A transgender McDonald’s employee filed a lawsuit against the company claiming to be a victim of repeated instances of discriminatory behavior by colleagues.
Joselyn Kelly, who was hired by McDonald’s this year to work as a supervisor overseeing multiple McDonald’s locations in Mississippi, claimed staffers acted in a discriminatory way after Kelly told McDonald’s franchise owners Elizabeth and Andrew Smith about being transgender, according to documents obtained by the Clarion-Ledger.

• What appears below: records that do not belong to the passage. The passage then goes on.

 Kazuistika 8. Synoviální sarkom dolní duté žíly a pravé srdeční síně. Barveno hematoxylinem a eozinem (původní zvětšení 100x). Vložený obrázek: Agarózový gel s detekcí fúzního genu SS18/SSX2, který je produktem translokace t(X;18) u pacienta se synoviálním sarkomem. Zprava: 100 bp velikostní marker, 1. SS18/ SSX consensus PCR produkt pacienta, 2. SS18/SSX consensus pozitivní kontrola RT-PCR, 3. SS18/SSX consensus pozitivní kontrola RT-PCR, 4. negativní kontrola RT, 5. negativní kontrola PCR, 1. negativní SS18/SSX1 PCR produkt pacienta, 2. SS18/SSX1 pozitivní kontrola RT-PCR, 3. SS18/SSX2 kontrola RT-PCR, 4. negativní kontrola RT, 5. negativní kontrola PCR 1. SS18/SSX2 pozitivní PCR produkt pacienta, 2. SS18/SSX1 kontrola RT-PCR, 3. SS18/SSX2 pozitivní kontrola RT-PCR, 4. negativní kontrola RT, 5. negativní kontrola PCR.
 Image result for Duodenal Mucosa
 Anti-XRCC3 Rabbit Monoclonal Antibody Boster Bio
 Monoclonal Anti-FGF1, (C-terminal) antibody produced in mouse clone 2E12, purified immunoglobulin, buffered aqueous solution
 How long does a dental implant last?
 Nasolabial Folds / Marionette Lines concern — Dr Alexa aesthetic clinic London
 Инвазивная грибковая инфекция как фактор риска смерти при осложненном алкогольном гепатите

Kelly alleged in the suit that soon after telling the Smiths about being transgender, they “either directly or through their other employees began to discriminate against Joselyn” in several ways:
- Refusing to address her by her preferred pronoun, calling her “he” or “him” rather than “she or “her”;
- Addressing her as “it” and using a slur;
- Stating that “transgenders” were an abomination;
- Mockingly calling her “Juwanna Man,” in reference to a male film character who impersonates a female;
- Assigning menial tasks to her that were only done by entry-level employees.

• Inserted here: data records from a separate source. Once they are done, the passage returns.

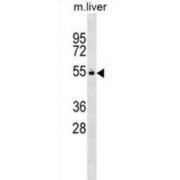 Mouse Vrk2 Antibody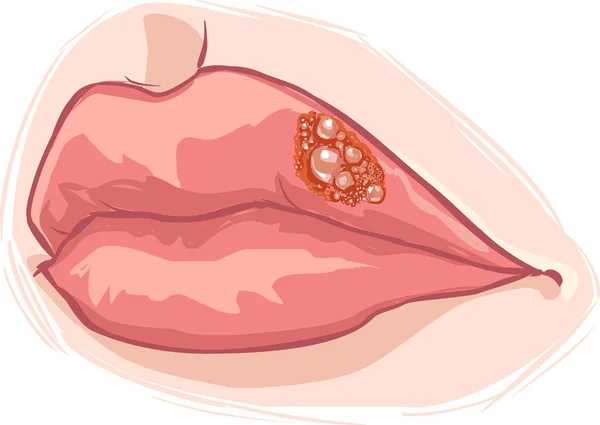 Vektor illustration av en läpp herpes — Stock vektor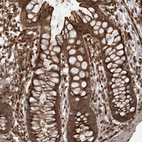 Immunohistochemical staining of human Rectum shows strong membranous and cytoplasmic positivity in glandular cells.
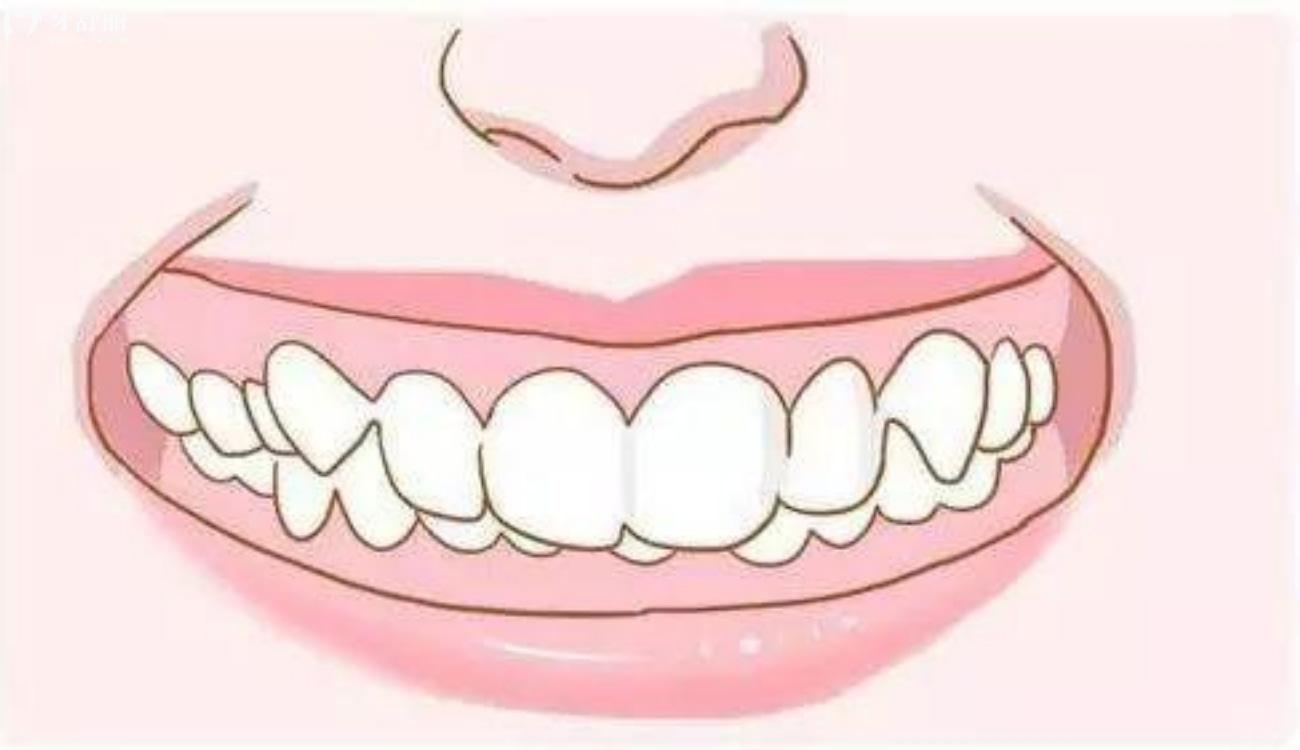 畸形儿牙的早期预防.jpg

The suit claimed that Kelly was “forced to resign” over the traumatizing actions of the other employees. Kelly then filed a discrimination charge against the Smiths with the Equal Employment Opportunity Commission (EEOC).

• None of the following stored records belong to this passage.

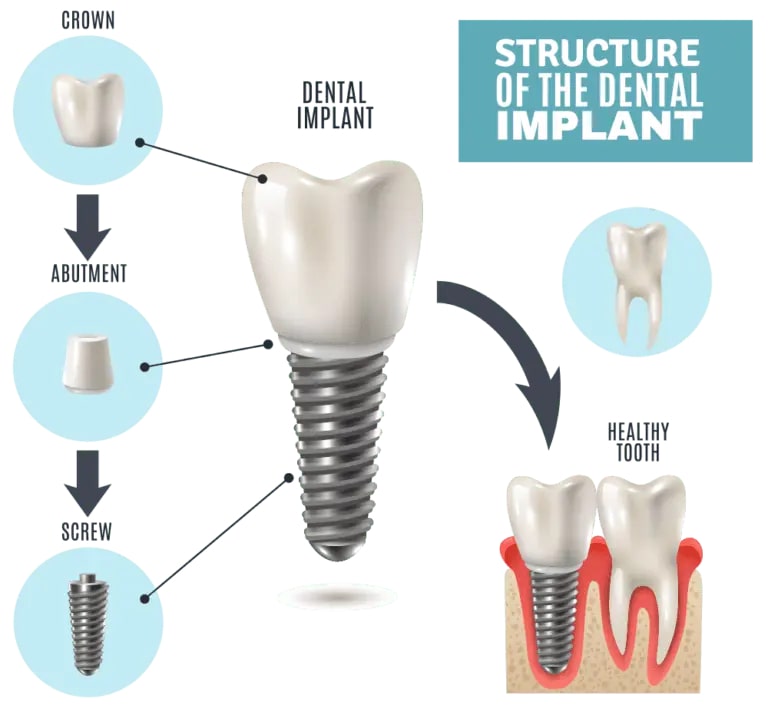 diagram of dental implant and jaw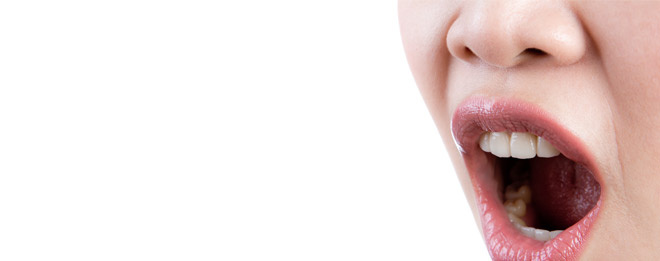 Ouvrière avec une mauvaise haleine…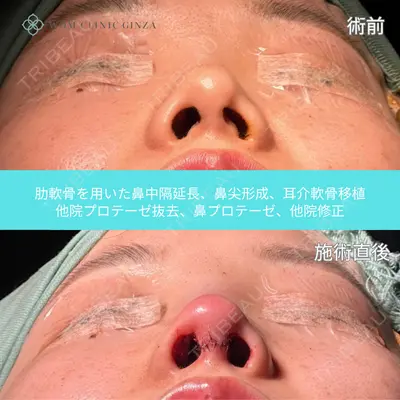 WOM CLINIC GINZA （ワム クリニック ギンザ） 中井 孝昌医師の症例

The EEOC then followed up with Kelly, informing the McDonald’s employee of the right to sue the company. Kelly subsequently filed the suit on March 29 in the U.S. District Court for the Northern District of Mississippi.
The suit stated that Kelly is looking for McDonald’s to pay compensatory damages, attorney’s fees, and other monetary damages that the court recommends.
It is unclear whether the Smiths have filed a countersuit.
Other transgender individuals have claimed discrimination against others for not using proper pronouns. A transgender woman shopping at a GameStop claimed to be a victim of hate after a male clerk used the pronoun “sir.”